Phonics at Orchard Meadow

Pupils at Orchard Meadow learn to read through a synthetic phonics programme called Read Write Inc (RWI for short). Children start phonics sessions in Nursery where they are introduced to simple sounds and the basics of blending - combining sounds to make words. By the time pupils complete Year 1 they are able to blend all the simple and complex sounds in the English language, preparing them for the Phonics Screening Check and giving them the skills to read and understand more and more complex texts fluently. 

Pupils are supported to progress rapidly through daily phonics teaching and 1:1 tutoring (pupils Y1-Y6) using both RWI and the RWI Fresh Start programme (for older pupils).

For a quick introduction to the programme see the video below.

How do we make phonics easy for children to learn?

Read Write Inc. Phonics depends upon children learning to read and write sounds effortlessly, so we make it simple and fun. The phonic knowledge is split into two parts. First we teach them one way to read and write the 40+ sounds in English. We use pictures to help, for example we make ‘a’ into the shape of an apple, ‘f’ into the shape of a flower. These pictures help all children, especially slower-starters, to read the sounds easily.

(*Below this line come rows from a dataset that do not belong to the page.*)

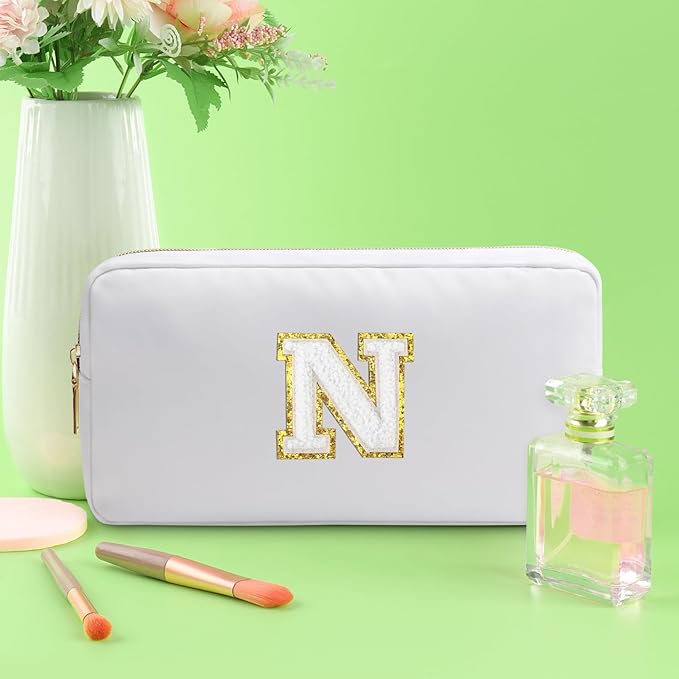 Initial N Makeup Bags Initial Letter A-Z Cosmetic Bag for Women Friends Daughter Sister Mom Inspirational Gifts Travel Toiletry Bag Christmas Birthday Gifts for Her Bridesmaid Bff Makeup Pouch N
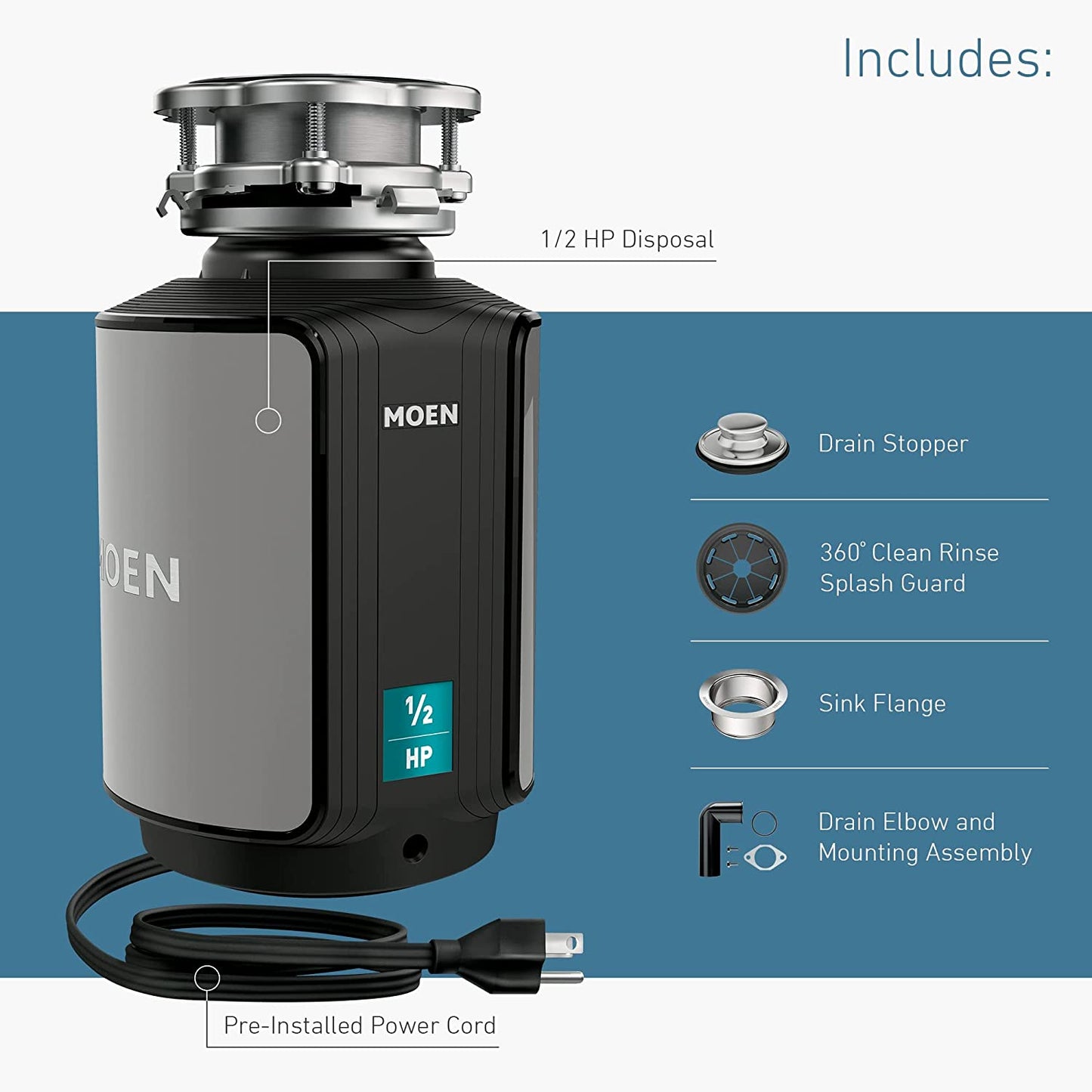 GX50C Prep Series 1/2 HP Continuous Feed Garbage Disposal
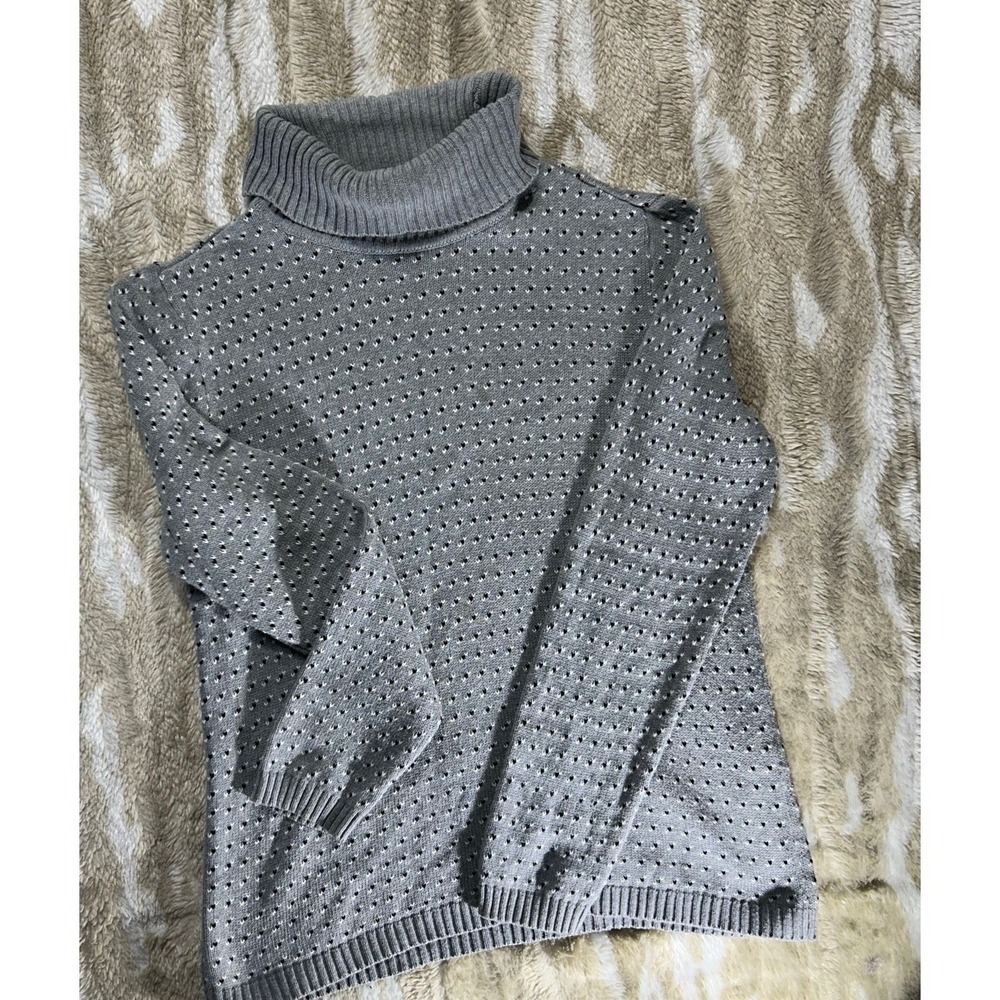 Karen Scott Mens Grey Cotton Turtleneck Knit Sweater Pointelle Size Medium - Picture 5 of 9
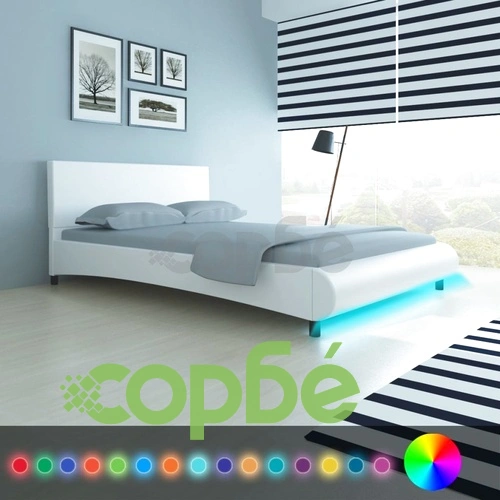 Рамка за легло с LED, бяла, изкуствена кожа, 140x200 cм ➤ топ цена ➤ sorbe.bg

Children learn to read words by sound-blending using a frog called Fred. Fred says the sounds and children help him blend the sounds to read each word. Then we teach children the different spellings of the same sounds, for example, they learn that the sound ‘ay’ is written ay, a-e and ai; the sound ‘ee’ is written ee, e and ea. We use phrases to help them remember each sound for example, ay, may I play, a-e – make a cake?

You may hear your child mention 'green' and 'red' words. These respectively refer to words that can be blended using phonics, such as cat: c-a-t, and those that need to be learned by sight, such as 'the'. 

Fo a handy guide to 'red' words and how they are taught, please click here.

How do we ensure children can read every book?

The first thing we do is to give children books we know they can read – without any guessing. (We read lots of other stories to them, but do not expect them to read these yet.) Before they read the story, they sound out the names of characters and new words, practise reading any of the ‘tricky red’ words, and tell them a thought-provoking introduction to get them excited about the story. Then, over three days, children read the story three times: first to focus on reading the words carefully; the second to help them read the story fluently; and on the third, we talk about the story together for example, how characters might be feeling and why. By the time your child reads the story to you at home, they will be able to read it confidently with expression.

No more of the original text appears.